# White Handle Chef Knife



## chef2008 (May 16, 2008)

I am trying to find the name of the company that makes the chef knife on the Everyday Food TV show...does anyone have an idea..it looks like an eight inch white handle knife...?

Thx,

John


----------



## oahuamateurchef (Nov 23, 2006)

This Everyday Food TV show? I couldn't see a white handled knife in any of their videos. Perhaps you could fire off a quick email to them here.


----------



## the penguin (May 6, 2008)

Dexter-Russel or Sani-safe possibly?


----------



## chef2008 (May 16, 2008)

I did..and they said they did not know...when i watch the show on a pbs station...everycook on the show uses this knife...


----------



## food-macro (May 13, 2008)

You should try looking on the internet for white handled chefs knives there not that uncommon we had one at my work, granted it was one of those plastic hanled knives that gets replaced every 2-4 weeks.


----------



## chef2008 (May 16, 2008)

Thanks..i will take a look

John


----------



## deltadoc (Aug 15, 2004)

I haven't seen the show but I have a whole collection of white handled Wusthof-Trident Classic White knives, including a 10" and 8" chef knife. They're outstanding knives and I use them everyday since 1992 when I bought them new. The Wusthof US representative told me, contrary to what I was told by local stores, that they HAVE NOT discontinued the white classic knives. They said a lot of places simply won't carry them because "white" isn't as popular as it used to be in the 1980's.
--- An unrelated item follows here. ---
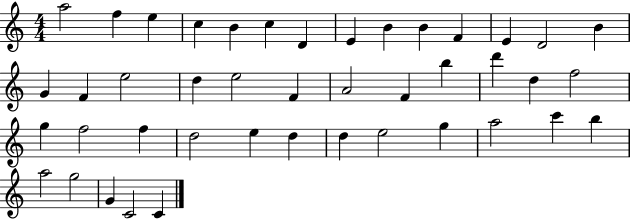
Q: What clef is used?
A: treble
Just be careful to get the "Forged" not the "stamped" line. Big difference in quality. I have the "forged".

doc


----------



## boar_d_laze (Feb 13, 2008)

Wusthof makes a number of forged lines. "Classic" is one of them. If Wusthof Classic whites are the knives, or even like the knives you want... you're in luck. Great sale prices on sets:

Wusthof White Classic Knives - Wusthof White Classic, White Classic Knives, Wusthof Knives, Wusthof Trident White Classic, Wusthof White Classic Cutlery

Cutlery and More is an excellent e-tailer. You don't need to have any qualms at all. I've ordered from them several times. What impressed me the most was the way they handled a problem they had with PayPal. After a two day delay, they not only sent me my order on trust but threw a little something extra in the package. Good people.

Meanwhile:

Usually the cooks on shows don't choose their own knives, so their presence shouldn't be regarded as an actual endorsement, but more as a commercial one. That having been said, the Wusthof Classic line is very good. There aren't any better knives for fit and finish or comfortable handles. Until fairly recently, Wusthof Classic was regarded as the best of the German mass-produced knives. It is no longer at the top of the German range in general or Wusthof's in particular -- but just a half step below.
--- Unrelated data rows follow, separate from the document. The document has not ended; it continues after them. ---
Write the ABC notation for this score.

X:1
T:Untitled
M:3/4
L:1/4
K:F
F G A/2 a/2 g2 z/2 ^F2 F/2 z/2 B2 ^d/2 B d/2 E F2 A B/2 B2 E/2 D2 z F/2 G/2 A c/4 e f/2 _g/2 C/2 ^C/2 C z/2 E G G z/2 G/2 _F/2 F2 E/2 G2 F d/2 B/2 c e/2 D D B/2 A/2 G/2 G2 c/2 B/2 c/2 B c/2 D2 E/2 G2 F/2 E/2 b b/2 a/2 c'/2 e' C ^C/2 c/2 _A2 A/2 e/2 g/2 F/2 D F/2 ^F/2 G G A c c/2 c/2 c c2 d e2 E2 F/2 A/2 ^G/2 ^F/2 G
The aspects of the knives in which they've been superseded, and in which I don't like, probably don't and won't matter to you. If you're interested in talking about the best brands and lines for you ... that's a different discussion. I"m happy to have it, but don't want to start it gratuitously. There's a phrase in law: "officious intermeddler." Doesn't sound too attractive, does it?
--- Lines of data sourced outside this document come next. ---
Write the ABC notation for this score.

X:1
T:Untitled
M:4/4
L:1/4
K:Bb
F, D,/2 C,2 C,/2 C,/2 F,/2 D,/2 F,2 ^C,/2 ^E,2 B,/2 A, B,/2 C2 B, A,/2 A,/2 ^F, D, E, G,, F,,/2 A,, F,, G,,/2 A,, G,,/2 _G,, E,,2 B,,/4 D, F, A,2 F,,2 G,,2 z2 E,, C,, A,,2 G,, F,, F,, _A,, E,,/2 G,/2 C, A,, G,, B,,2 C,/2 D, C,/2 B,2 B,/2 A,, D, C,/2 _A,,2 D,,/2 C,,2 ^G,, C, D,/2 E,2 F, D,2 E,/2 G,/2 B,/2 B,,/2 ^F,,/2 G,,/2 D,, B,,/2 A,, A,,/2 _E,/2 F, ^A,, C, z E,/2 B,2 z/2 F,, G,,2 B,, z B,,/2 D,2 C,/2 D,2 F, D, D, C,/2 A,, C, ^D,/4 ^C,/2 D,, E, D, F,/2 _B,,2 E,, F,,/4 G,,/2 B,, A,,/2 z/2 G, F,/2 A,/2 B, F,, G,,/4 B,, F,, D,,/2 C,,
The Dexter Russel, Sani-Safe white handles are light plastic, and set on cheap, stamped blades. The knives are meant to be dishwasher safe, very inexpensive, and for commercial use where a trip in the dishwasher is required by law, or the employees wear ill-fitting disposable plastic gloves, or both -- a meat processing plant or a chain submarine sandwich shop, for instance. These are knives you might have to use for minimum wage, but you wouldn't want to.

Paranthetically -- Doc is right about sticking with forged when it comes to Wusthof. There are excellent stamped knives, some much better than anything Wusthof makes -- but as Wusthof goes, go with the forged.

Out of curiosity: Any good, white handled knife? Or must it be one from the show? There are several good lines available in white, or light wood handles. For instance, slightly better than the Wusthofs (for reasons I won't go into here) are these Sabatiers: http://www.cheftalk.com/forums/newre...ote=1&p=221989 However, given the difference in price, if I were looking at a set, I'd buy Wusthof and add either a 10" Sabatier chef's -- or go beyond the whole handle thing and get the best chef's knive I could..

BDL

PS Before getting into the whole "which is better" thing, I need to say that there are number of companies selling knives under the Sabatier name. The knives range from very good to very bad. Elepant Sabatier are very good indeed.


----------



## annie z (Apr 13, 2012)

In 1995 I bought a Wusthof white Classic Chefs set .....8 inch Chefs knife and 3.5 paring knife. A week ago I lost the paring knife! For the past week I have contacted numerous e- retailers and Wusthof outlet. To no avail the e-retailers and the outlet told me that Wusthof white Classic does not exist! I found one knife on EBay, not what I was looking for! Where else can I look or is it useless?


----------



## pohaku (Jul 11, 2011)

If you haven't already, you might call these folks and ask. They are a Wusthof outlet, and while their web page says the white classic is discontinued, they may have some pieces. Decent folks to deal with.

http://eversharpknives.com/


----------



## berndy (Sep 18, 2010)

The Penguin is right .I have an 8'' white handled knife and on the blade it says 'SANI-SAFE' on top and right under it is DEXTER-RUSSELL followed my S145-8,then it reads "stain free "over "high-carbon"


----------



## johnr (Aug 5, 2011)

"You should try looking on the internet for white handled chefs knives there not that uncommon we had one at my work, granted it was one of those plastic hanled knives that gets replaced every 2-4 weeks."

Ours don't get replaced, after numerious sharpenings (grindings) they get repositioned as boning/trimming knives :>

Seriously we get a lot of work done on these type of knives. They may not be the best but they work.. A 10 inch Dexter can do a variety of tasks.


----------